Different admixture proportions from African, European, and Native American ancestries have contributed to the genetic heterogeneity found in Argentinean and Latin American populations in general. The highest Amerindian ancestry is found in areas with historically larger native populations, such as Andean regions and meso-America, where major pre-Columbian civilizations developed, whereas African ancestry is low in most of these populations [22, 23]. In Argentina, rural populations tend to show a greater predominance of the ancestral Native American substrate than urban ones, especially in maternal lineages [24,25,26], probably mirroring the strong sexual bias of the immigrants who settled during colonial times. Correspondingly, the X-polymorphism results in the present study show the CV population stands closer to the Amerindian cluster than SC, thereby suggesting rural populations from Salta province have maintained more important Native American ancestry in their genetic pool. Considering the positive correlation described between heterozygosity and European ancestry, the lower European component in CV, together with their rural and isolated origin, could explain the lower diversity values in CV versus the Salta urban population, as found in other Latin American populations [23].

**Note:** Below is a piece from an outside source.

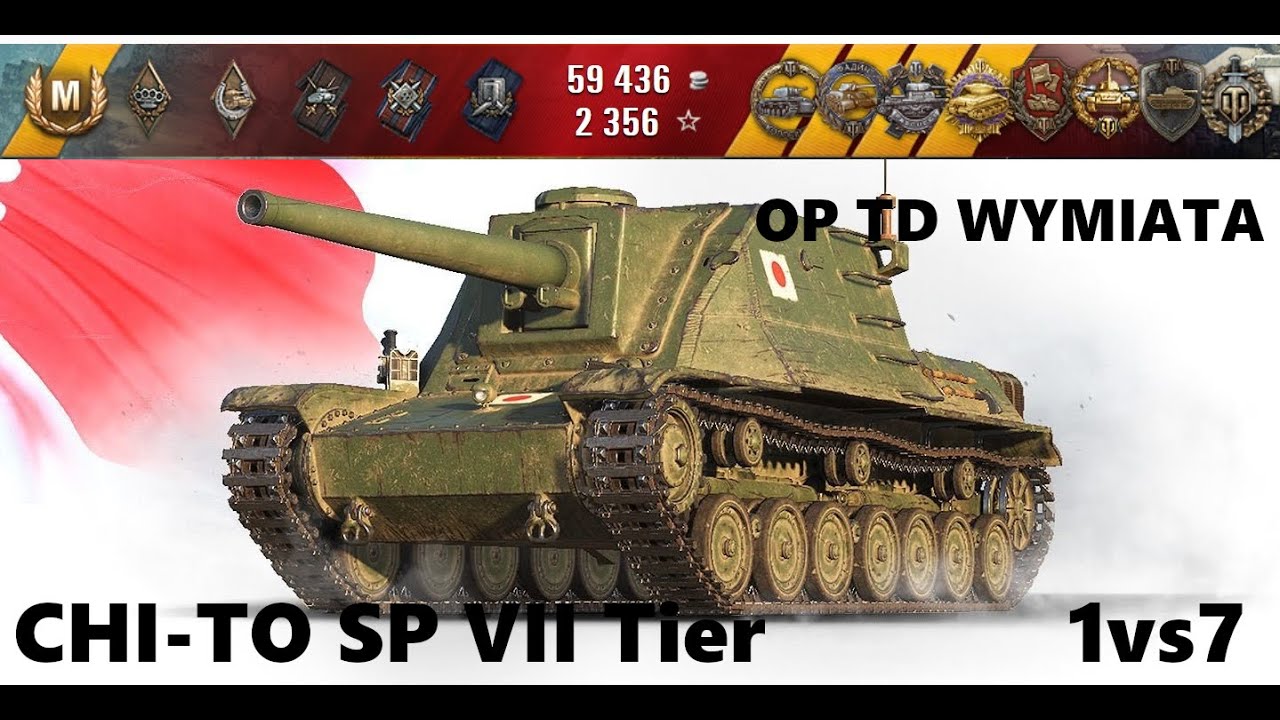CHI-TO SP -1 VS 7 OP TD WYMIATA  FADIN, KOŁOBANOW, POOL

The existence of a clear population stratification in Argentina [21, 27] emphasizes the need not to ignore this genetic heterogeneity in routine forensic casework and, hence, to develop local databases. This study provides a useful database of 21 X-chromosome markers, especially powerful for the X-STR set, for populations in Salta province (north-western Argentina). New detected variants are also described, confirming that some tandem repeat structures are more complex and variable than initially observed for this set of markers [28]. Results conclude both Salta populations harbor a high Native American ancestry component, as previously described for Argentina’s north-western region [27, 29], despite their self-recognized European ancestry.